Gemma 31B also peaks at the final block, L59/60, but unlike Qwen it keeps a persistent secondary band around L38-42 in both prompt-last and response extraction. This means Gemma personalities start to show in the middle of the model, while the Qwen family is strongly concentrated to the last layers. This could be due to training data and/or architectural differences. In short, Qwen is mostly late and prompt-stable, and Gemma is final-layer readout plus a durable mid-stack control band. This was observed through various generation experiments and rounds with surprisingly stable results, allowing for a future control pane to be automated and/or crafted by family of models. This should also be strong grounds to predict the architectural personality vectors for upcoming models.

what we learnt

Same Learnt Personalities, Different Stack Organisation

Looking at larger models, different families and different architectures, it is clear that personality can be extracted in a stable manner, allowing control of model generation during runtime.

shared result

Both families recover the same two main colour axes under the matched short-response protocol.

Qwen pattern

The Qwen colour system is already legible at prompt time and remains concentrated in the late stack around `L62`.

Gemma pattern

The Gemma colour system is distributed across depth, keeps a strong mid-stack band, and sharpens during rollout instead of arriving fully formed at prompt time.

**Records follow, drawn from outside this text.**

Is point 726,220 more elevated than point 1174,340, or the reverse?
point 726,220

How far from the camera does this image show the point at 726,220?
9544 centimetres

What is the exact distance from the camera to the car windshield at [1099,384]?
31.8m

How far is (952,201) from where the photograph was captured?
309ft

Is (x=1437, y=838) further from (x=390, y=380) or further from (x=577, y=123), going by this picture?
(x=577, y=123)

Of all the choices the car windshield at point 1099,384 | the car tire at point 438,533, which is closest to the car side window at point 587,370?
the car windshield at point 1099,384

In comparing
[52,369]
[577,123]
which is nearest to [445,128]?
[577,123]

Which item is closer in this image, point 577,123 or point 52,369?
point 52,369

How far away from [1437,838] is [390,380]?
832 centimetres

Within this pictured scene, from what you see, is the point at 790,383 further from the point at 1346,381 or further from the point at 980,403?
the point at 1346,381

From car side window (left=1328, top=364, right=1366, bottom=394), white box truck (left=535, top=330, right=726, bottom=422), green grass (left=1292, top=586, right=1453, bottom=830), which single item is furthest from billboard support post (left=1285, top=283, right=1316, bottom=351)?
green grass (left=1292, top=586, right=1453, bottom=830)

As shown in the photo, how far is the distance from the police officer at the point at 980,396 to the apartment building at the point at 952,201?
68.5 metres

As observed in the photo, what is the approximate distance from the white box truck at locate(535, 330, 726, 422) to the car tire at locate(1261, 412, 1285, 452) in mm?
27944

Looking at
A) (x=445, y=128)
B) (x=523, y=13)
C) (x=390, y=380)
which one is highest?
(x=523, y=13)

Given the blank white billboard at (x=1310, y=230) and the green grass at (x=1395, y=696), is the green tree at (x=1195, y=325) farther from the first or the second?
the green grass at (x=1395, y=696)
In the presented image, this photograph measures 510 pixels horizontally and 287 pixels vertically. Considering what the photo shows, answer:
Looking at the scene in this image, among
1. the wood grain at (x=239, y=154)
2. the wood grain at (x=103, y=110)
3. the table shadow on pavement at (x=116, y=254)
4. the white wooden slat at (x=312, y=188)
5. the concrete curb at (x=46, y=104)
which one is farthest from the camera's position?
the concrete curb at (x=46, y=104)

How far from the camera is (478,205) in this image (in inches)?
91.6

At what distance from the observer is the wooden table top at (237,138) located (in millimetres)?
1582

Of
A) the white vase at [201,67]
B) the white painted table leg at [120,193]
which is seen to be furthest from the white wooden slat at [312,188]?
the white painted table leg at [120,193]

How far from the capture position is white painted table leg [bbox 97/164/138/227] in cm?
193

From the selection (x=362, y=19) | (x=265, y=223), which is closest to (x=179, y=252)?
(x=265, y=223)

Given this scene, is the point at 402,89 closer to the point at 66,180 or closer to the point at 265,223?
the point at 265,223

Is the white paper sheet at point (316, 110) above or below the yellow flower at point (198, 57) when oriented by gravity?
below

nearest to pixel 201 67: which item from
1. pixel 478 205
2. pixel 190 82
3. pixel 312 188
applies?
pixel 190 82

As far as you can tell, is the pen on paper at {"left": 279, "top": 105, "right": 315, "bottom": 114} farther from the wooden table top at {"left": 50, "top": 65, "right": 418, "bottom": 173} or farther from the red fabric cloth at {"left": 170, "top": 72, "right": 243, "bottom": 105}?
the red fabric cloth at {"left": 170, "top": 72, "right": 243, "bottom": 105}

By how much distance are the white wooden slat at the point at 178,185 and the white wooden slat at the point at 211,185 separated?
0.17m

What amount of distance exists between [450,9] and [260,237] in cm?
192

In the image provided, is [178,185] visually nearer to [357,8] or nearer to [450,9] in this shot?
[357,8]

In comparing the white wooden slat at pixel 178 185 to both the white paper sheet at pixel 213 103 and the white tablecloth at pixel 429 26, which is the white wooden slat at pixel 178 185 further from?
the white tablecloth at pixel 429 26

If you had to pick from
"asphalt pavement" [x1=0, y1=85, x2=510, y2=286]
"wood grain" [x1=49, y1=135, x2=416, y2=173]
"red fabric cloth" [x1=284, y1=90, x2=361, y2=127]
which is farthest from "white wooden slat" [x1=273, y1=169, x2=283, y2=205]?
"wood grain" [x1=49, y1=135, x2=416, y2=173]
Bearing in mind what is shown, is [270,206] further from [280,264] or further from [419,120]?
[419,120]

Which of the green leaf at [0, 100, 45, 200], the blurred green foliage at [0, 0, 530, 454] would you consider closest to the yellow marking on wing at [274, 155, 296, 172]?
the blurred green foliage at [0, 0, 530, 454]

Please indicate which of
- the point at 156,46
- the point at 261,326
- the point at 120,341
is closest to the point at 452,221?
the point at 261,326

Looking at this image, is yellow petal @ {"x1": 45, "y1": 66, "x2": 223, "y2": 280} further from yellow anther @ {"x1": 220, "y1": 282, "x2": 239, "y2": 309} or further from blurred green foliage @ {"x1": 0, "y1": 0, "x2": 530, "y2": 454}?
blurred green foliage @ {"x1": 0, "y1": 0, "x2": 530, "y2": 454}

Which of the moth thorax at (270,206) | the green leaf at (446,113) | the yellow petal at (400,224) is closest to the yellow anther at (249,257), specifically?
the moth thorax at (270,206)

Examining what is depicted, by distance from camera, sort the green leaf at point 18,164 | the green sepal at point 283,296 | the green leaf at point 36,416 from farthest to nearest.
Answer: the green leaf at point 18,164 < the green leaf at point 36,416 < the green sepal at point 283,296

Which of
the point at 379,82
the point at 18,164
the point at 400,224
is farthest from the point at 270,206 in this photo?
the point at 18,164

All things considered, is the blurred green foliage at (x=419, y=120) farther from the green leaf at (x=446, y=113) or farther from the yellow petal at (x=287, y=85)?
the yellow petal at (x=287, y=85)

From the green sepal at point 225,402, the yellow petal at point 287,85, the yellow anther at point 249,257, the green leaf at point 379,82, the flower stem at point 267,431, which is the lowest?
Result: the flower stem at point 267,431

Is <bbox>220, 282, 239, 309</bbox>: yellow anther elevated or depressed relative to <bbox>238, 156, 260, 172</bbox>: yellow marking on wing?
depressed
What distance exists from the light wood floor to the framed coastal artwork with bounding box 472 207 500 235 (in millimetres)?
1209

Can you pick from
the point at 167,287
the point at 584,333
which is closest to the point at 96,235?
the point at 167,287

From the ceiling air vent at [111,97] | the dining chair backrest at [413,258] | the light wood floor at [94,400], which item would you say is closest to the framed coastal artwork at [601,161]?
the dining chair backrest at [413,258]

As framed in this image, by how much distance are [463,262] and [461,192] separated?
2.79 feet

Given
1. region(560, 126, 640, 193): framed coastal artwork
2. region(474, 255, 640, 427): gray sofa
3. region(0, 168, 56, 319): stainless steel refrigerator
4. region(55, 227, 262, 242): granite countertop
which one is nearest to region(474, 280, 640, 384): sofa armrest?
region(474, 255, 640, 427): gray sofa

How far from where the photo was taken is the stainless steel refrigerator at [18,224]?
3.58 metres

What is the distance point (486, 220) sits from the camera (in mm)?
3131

The evidence now supports our claim. Both Qwen 27B and Gemma 31B support the same basic two-axis colour geometry under controlled response extraction. Qwen 27B localises that geometry into a late-stack control surface that is already legible at prompt time. Gemma 31B distributes the same geometry across depth, keeps a secondary mid-stack band active, and sharpens the axis picture during rollout.

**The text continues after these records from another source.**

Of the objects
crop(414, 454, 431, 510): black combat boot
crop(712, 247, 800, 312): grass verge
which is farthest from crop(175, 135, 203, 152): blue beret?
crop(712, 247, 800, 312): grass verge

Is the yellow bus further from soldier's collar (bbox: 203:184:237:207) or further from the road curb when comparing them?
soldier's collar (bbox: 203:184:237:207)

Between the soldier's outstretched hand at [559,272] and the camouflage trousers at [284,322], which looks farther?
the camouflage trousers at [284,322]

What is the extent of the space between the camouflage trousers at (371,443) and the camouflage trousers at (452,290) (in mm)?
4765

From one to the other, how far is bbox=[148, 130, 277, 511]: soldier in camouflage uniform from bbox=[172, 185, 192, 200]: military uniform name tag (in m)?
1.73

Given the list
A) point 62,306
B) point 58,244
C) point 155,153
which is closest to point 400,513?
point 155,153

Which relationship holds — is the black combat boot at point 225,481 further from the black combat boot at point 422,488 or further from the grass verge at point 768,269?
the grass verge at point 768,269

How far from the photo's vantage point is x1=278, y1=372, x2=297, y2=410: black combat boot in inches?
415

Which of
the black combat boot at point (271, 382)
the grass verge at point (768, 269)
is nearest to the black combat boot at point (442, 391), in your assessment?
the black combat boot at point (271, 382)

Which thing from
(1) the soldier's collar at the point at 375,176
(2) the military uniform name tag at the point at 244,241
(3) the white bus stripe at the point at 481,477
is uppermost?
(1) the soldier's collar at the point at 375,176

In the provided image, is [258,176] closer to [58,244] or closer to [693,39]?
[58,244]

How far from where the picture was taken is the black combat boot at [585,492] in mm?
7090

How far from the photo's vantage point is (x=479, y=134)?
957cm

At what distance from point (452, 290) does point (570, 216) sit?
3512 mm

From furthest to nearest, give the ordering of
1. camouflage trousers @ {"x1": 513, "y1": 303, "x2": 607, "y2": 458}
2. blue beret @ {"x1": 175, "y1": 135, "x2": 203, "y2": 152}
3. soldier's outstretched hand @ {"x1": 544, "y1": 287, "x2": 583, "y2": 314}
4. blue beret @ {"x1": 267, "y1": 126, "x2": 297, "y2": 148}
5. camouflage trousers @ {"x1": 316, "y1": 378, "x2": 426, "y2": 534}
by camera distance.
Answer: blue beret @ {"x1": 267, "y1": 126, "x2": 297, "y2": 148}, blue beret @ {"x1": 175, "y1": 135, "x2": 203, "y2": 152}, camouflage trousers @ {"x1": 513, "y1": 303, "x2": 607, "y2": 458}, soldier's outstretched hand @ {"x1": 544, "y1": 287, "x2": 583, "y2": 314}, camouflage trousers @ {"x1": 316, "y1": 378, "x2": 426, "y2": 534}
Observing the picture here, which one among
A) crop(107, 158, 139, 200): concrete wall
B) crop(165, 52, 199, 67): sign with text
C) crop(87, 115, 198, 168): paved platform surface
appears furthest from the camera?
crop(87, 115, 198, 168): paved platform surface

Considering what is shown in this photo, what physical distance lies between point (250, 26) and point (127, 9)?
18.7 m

To be clear, this is not a proof of an architecture-only explanation. Training and post-training still matter and can have a huge impact on the vector distribution through the stack. But I think it is now reasonable to say that architecture affects where the control signal is organised, not only whether the control exists.

That is the story worth keeping. Qwen looks like a late, prompt-stable control surface. Gemma looks like a distributed-depth control system with a late readout and stronger generation-path dependence. The next engineering question is whether steering should target a single late layer in every family, or whether some families want multi-layer or family-specific interventions.